When listening to news reports concerning this proposal, proponents of the break-away district frequently site Zachary and Central as examples of how much better an area does if it breaks away from EBRPSS. For some reason, they routinely neglect to mention the City of Baker, an example of a school system with WORSE performance scores than EBRPSS even after breaking away. But let’s not confuse the matter, on either side the evidence is only anecdotal.

With the proposal just unveiled today, I have been unable to do much data-mining concerning the potential break-away. With that said, I have started to do a little bit of digging and figured I would circulate a few relevant data. Much of the information regarding demographic and population make-up is inexact due to my use of 2010 Census tract information* rather than more granular Census block information (Sorry, this is a hobby and not a job). Census tracts are occasionally large and may cross over the described boundaries of the district. With that said, the proponents have indicated this may not be the final shape of the district so all of these numbers could change in the future.

  • Using 2010 Census data, the proposed district is dominantly white with about 70% of the population falling into that category. Of 13 census tracts, 7 are over 75% white. While I don’t think the infamous “Deseg” case would apply to this district, it would be somewhat of a challenge to integrate the schools, particularly with only one true “Minority-Majority” tract (located generally between Airline, Coursey, and Sherwood). Even more so if a strong adherence to community school attendance zones exists. If, due to community school zones, a large number of minorities are concentrated in one school (which happens to be the worst maintained and/or most neglected), a new case may appear faster than you can say Plessy v. Ferguson.
  • Nearly a quarter (23.16%) of the district is under 18 years of age and would presumably comprise the potential student-base for this district. This almost exactly matches the overall Under-18 percentage share of the Parish population (23.55%). Additionally, the district represents 18.41% of the total Parish population and 18.10% of the Under-18 population. So, from an age distribution perspective, the district is pretty ideal.
  • The new district would contain the following schools: Woodlawn High, Woodlawn Middle, Woodlawn Elementary, Jefferson Terrace Elementary, Parkview Elementary, Shenandoah Elementary, Southeast Elementary, Wedgewood Elementary, and Westminster Elementary (which I attended, coincidentally). Overall, that’s sort of close to being in line with the Elementary-Middle-High School ratio in EBRPSS. Building an additional High School and Middle School or shuttering an Elementary School would put it more in line with that ratio. For reference, the Parish Elementary-Middle-High split is roughly 65%-15%-20% while the proposed district would have closer to an 80%-10%-10% split. Granted, the appropriateness of the split is heavily dependent on student populations and the capacity of the school (Woodlawn High is pretty big).
  • Interestingly, while the concept of secession has been batted around for a while, the actual proposal only comes shortly after the completion of several brand new to fairly new schools in the proposed new breakaway district: Woodlawn High ($24 Million), Woodlawn Middle ($10 Million), and Woodlawn Elementary ($17 Million). That’s over $50 Million in new buildings alone, not including the various renovations and additions completed at other schools in the proposed breakaway district.
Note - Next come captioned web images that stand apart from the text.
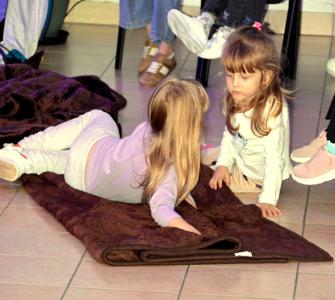 Noc Bibliotek w Rząśniku 2025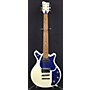 Used First Act 2006 Volkswagen Garage Master Solid Body Electric Guitar White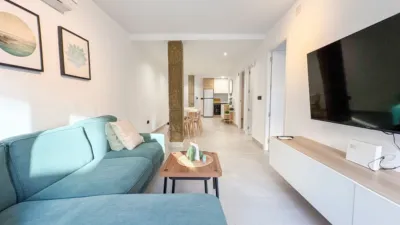 Pis – Torrevieja - Vista 3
Fact Break: the EBRSS Facility Improvement Plan was started around 1999 and is funded through a 1% sales tax resulting in a pay-as-you go system. This differs from a bond proposal where revenue is raised by selling bonds backed by future sales or property taxes. Phases I and II of the Facility Improvement Plan covered the new schools in the proposed breakaway district.

A big question is whether the area proposing to secede has actually paid taxes equivalent to $50+ million on top of the amount of money required for operations in their breakaway district over the last 15 or so years. If not, EBRPSS may well have an argument that the new system owes it for the investment it made in constructing these new schools that would now be taken away.

Anyway, that’s just to get started. It will be interesting to see how this conversation develops over the planned legislation and to see how the residents in the suggested breakaway district react.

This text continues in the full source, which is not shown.